Sally Ride, the first American woman in space, has passed away. She was 61 years old.
In addition to her historic career as an astronaut, Ride helped write seven science books for kids, including: To Space and Back, Voyager; The Mystery of Mars and Mission Save the Planet. You can find all her books at this link. Here’s more from her biography:
In August 1979, after a yearlong training and evaluation period, Sally became eligible for assignment as an astronaut on a space shuttle flight crew. She was selected as a mission specialist for mission STS-7 aboard the shuttle Challenger. When Challenger blasted off from Kennedy Space Center, Florida, on June 18, 1983, Sally soared into history as the first American woman in space. “The thing that I’ll remember most about the flight is that it was fun,” said Sally. “In fact, I’m sure it was the most fun I’ll ever have in my life.”

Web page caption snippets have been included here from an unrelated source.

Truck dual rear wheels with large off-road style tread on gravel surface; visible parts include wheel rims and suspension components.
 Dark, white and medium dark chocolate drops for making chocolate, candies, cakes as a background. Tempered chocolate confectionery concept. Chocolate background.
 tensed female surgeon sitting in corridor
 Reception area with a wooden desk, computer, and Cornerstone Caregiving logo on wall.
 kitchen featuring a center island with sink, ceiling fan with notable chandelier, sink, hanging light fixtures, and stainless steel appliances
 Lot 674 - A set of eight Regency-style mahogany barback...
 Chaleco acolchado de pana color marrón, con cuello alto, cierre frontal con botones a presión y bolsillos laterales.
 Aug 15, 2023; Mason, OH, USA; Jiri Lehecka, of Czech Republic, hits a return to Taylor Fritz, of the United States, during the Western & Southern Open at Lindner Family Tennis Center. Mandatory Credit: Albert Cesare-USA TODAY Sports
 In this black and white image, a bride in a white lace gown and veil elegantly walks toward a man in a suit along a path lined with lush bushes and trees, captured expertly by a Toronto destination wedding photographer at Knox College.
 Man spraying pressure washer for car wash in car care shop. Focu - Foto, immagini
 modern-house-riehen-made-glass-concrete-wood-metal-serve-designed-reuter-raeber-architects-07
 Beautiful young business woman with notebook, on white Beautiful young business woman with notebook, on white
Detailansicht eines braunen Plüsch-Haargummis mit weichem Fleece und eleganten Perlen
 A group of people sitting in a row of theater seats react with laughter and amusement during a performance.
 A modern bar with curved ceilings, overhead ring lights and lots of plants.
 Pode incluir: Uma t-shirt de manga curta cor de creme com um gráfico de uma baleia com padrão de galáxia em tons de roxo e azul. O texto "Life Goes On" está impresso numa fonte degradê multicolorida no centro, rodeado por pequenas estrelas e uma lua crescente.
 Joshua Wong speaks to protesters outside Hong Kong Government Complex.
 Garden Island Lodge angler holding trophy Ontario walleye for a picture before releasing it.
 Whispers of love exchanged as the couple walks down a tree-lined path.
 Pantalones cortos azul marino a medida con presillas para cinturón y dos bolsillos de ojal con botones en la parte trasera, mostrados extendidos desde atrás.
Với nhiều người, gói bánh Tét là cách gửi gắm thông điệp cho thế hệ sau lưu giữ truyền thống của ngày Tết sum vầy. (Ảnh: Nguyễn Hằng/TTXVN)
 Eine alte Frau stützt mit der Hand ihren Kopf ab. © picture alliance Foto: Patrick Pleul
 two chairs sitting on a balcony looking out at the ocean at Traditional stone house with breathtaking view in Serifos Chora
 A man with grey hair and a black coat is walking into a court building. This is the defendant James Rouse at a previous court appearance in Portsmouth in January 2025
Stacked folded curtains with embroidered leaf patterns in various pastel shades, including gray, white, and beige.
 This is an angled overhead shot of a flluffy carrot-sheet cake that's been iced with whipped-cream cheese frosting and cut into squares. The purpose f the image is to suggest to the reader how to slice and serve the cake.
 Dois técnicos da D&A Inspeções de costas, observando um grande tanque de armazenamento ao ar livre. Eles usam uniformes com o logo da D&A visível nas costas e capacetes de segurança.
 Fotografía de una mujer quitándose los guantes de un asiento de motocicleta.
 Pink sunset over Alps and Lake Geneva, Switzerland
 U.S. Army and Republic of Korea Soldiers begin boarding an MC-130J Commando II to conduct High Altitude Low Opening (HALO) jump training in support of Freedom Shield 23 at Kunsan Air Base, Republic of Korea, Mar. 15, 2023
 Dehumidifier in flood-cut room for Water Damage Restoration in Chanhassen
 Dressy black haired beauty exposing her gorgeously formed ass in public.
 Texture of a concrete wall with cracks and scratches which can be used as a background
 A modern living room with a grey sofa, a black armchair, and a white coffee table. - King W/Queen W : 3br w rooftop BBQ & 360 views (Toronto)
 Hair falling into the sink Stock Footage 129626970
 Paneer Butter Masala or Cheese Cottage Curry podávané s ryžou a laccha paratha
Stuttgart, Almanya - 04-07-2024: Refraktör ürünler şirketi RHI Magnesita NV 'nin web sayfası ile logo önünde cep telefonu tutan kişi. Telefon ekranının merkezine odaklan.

In 2001, the astronaut founded Sally Ride Science to continue her outreach to children. The company’s goal was to encourage “young girls and boys to stick with their interests in science and to consider pursuing careers in science, technology, engineering, and math.” She created two educational programs, EarthKAM and GRAIL MoonKAM–NASA-funded projects aimed at middle school students.
Editor’s note: An earlier version of this post incorrectly identified Ride as the first woman in space.